- Problem requirements
Give again, exactly as written, the lines of the records below from the line with "<SPwholesale> 1 Đôi" to the line with "women typography printed". Both end lines count; pictures do not.

- Given data
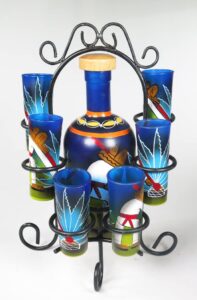 eye4art mexican tequila shot glasses and bottle set, tequila making scene, poncho with agave cactus hand painted bottle, with display stand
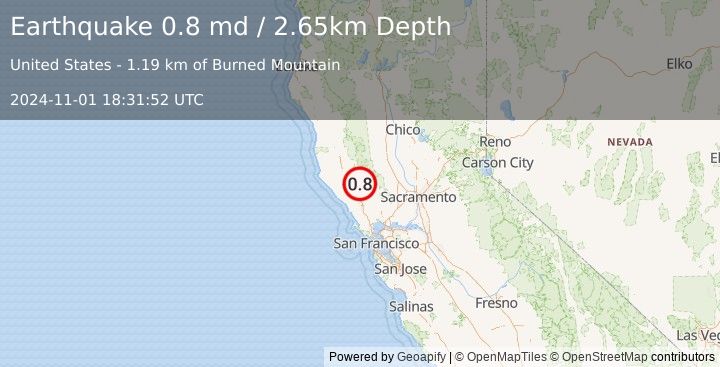 Earthquake 4 km NNW of The Geysers, CA (0.8 md) (2024-11-01 18:31:52 UTC)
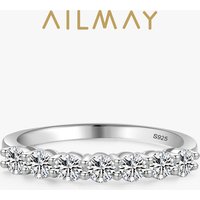 Ailmay 100% 925 Sterling Silver Stackable Round Dazzling Cubic Zirconia Rings for Women Wedding Engagement Jewelry Gift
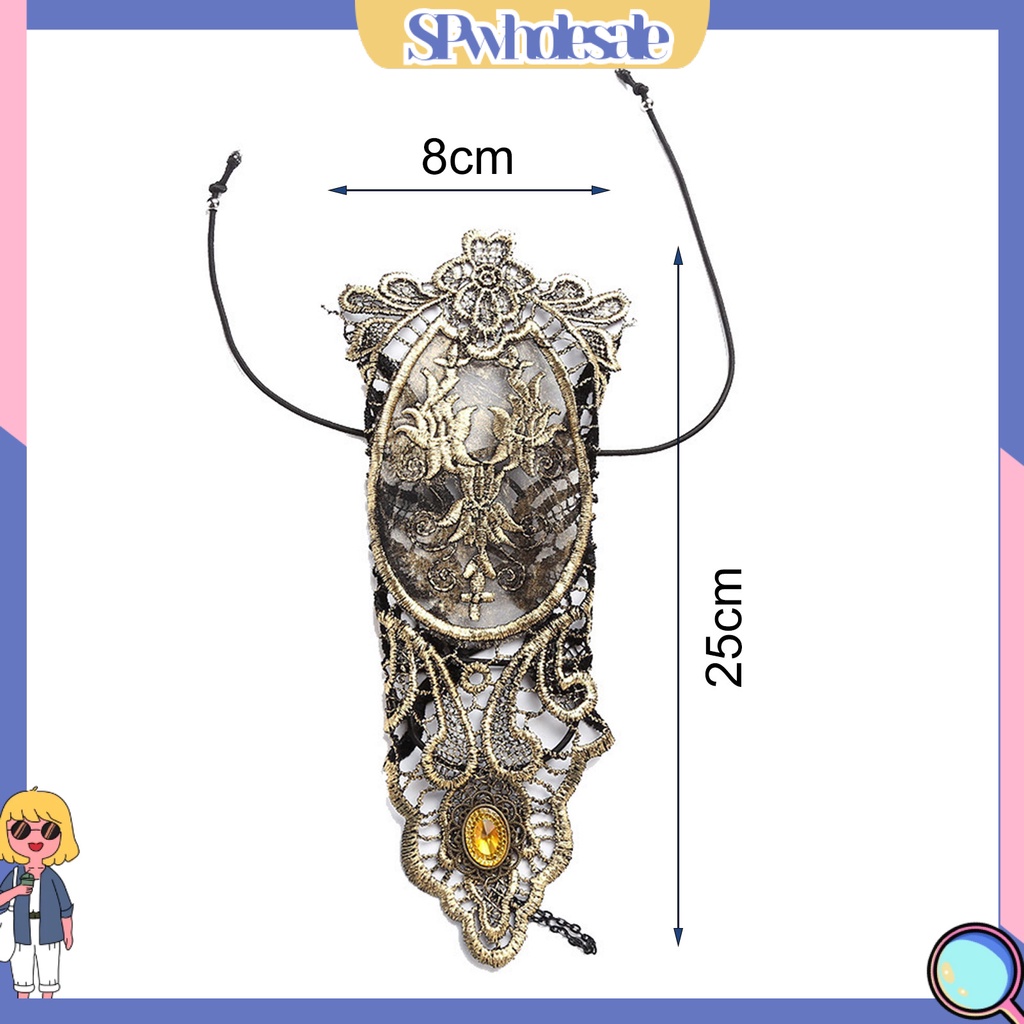 <SPwholesale> 1 Đôi Găng Tay Ren Hoa Xuyên Thấu Hóa Trang Halloween Cho Người Lớn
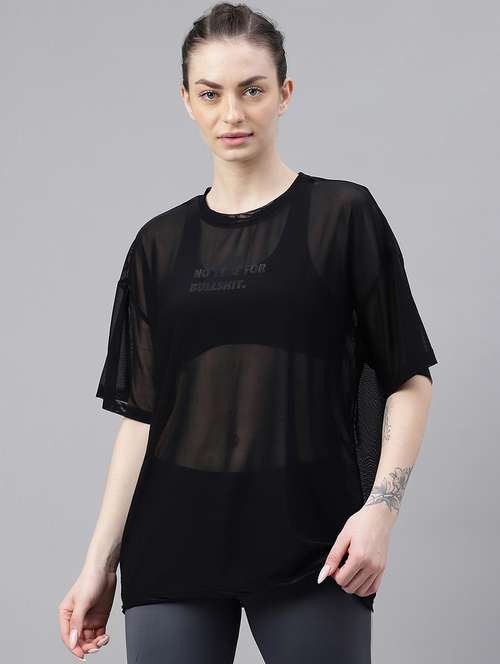 women typography printed relaxed fit dri-fit t-shirt - 21763100 -  Standard Image - 0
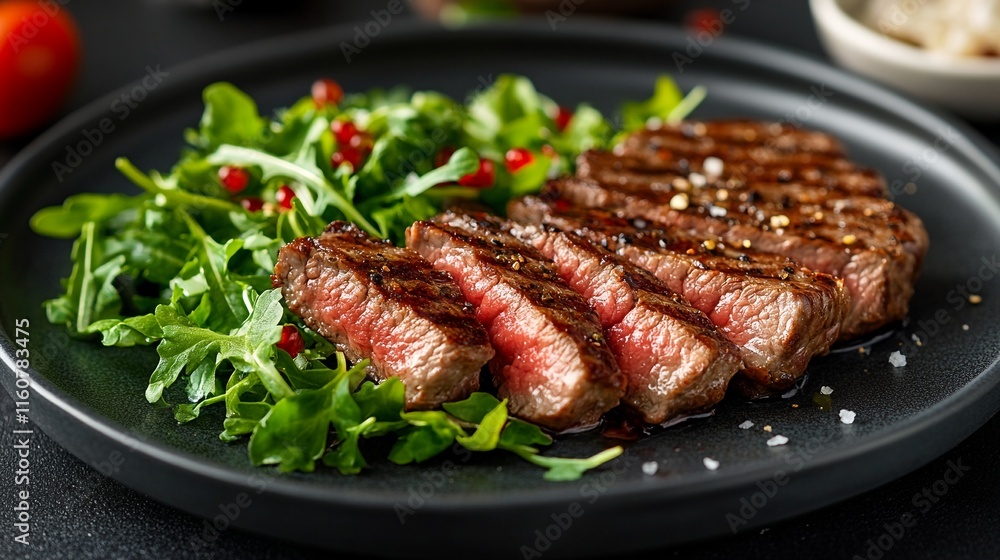 Plate of sliced steak with arugula salad and red pomegranate seeds. Plate of sliced steak with arugula salad and red pomegranate seeds.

- Task solution
 <SPwholesale> 1 Đôi Găng Tay Ren Hoa Xuyên Thấu Hóa Trang Halloween Cho Người Lớn
 women typography printed relaxed fit dri-fit t-shirt - 21763100 -  Standard Image - 0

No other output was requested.